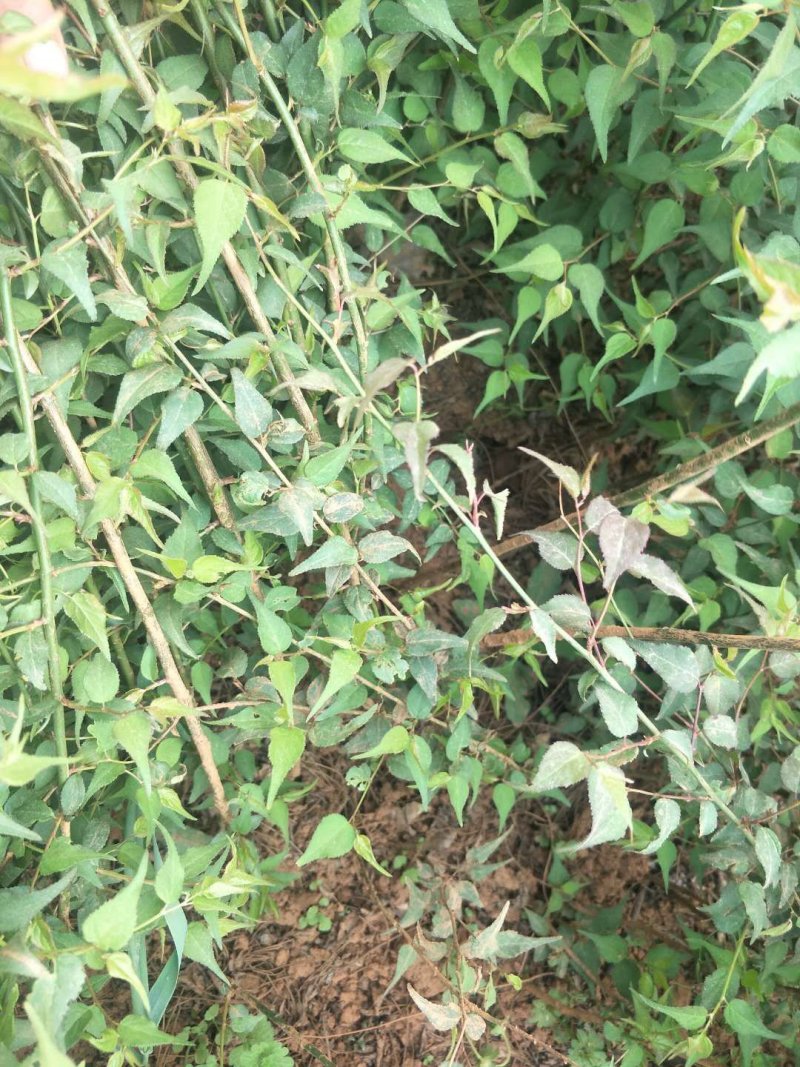 雨季来临，优质青梅苗可以移栽了，可批发，包邮，欢迎订购咨
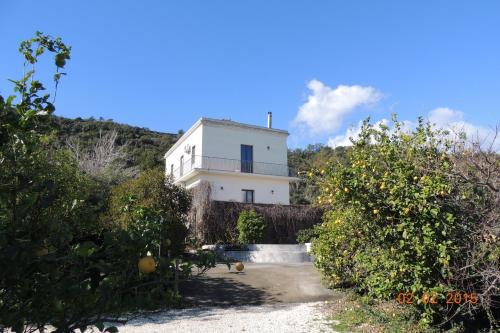 Intrare, Casavacanze Residence Maia Volcani in Acireale Intrare, Casavacanze Residence Maia Volcani in Acireale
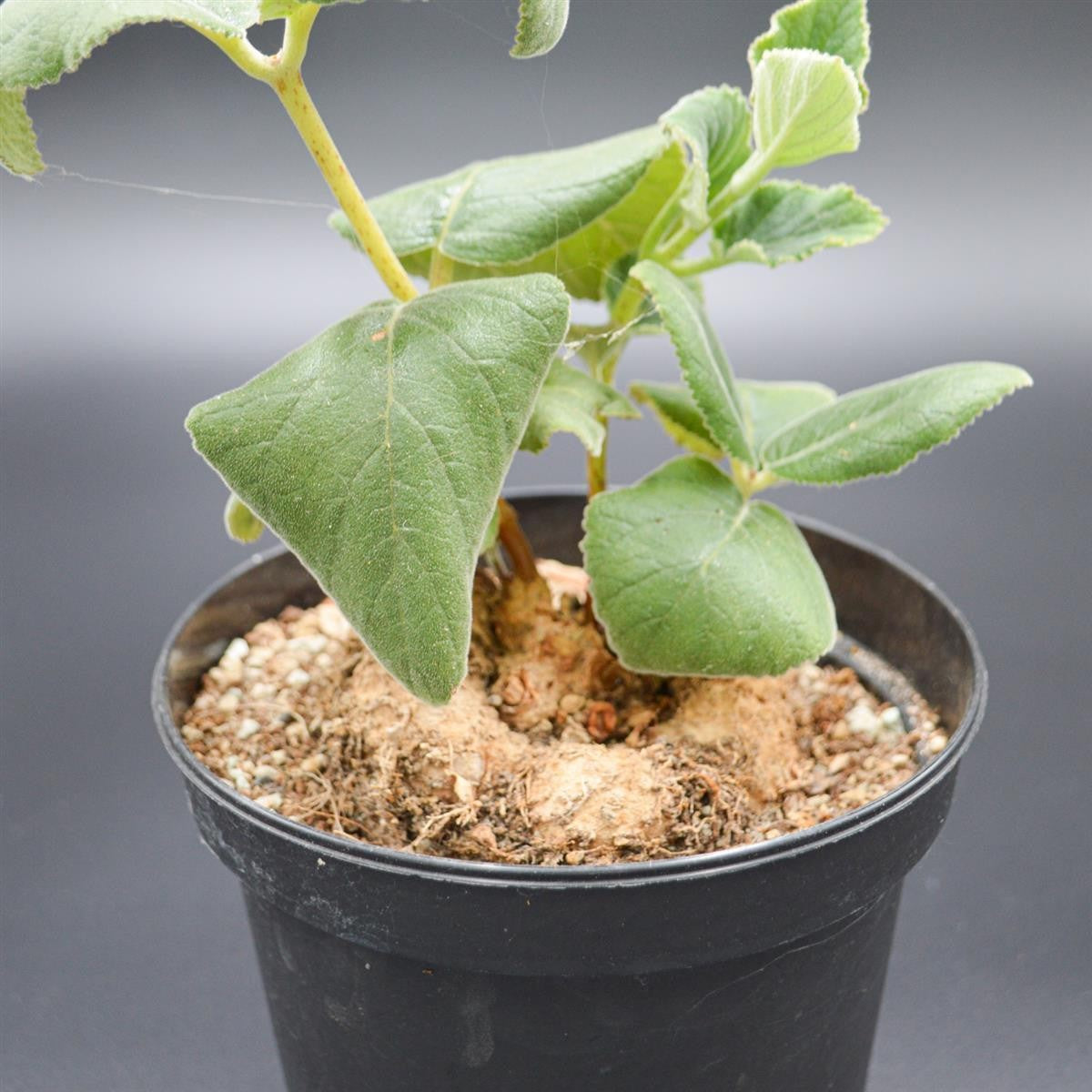 Sinningia macrostachya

> [WHAT TO WORK ON]: An exact copy of the material above is required, minus its images.

> [TASK OUTPUT]:
 雨季来临，优质青梅苗可以移栽了，可批发，包邮，欢迎订购咨
 Intrare, Casavacanze Residence Maia Volcani in Acireale Intrare, Casavacanze Residence Maia Volcani in Acireale
 Sinningia macrostachya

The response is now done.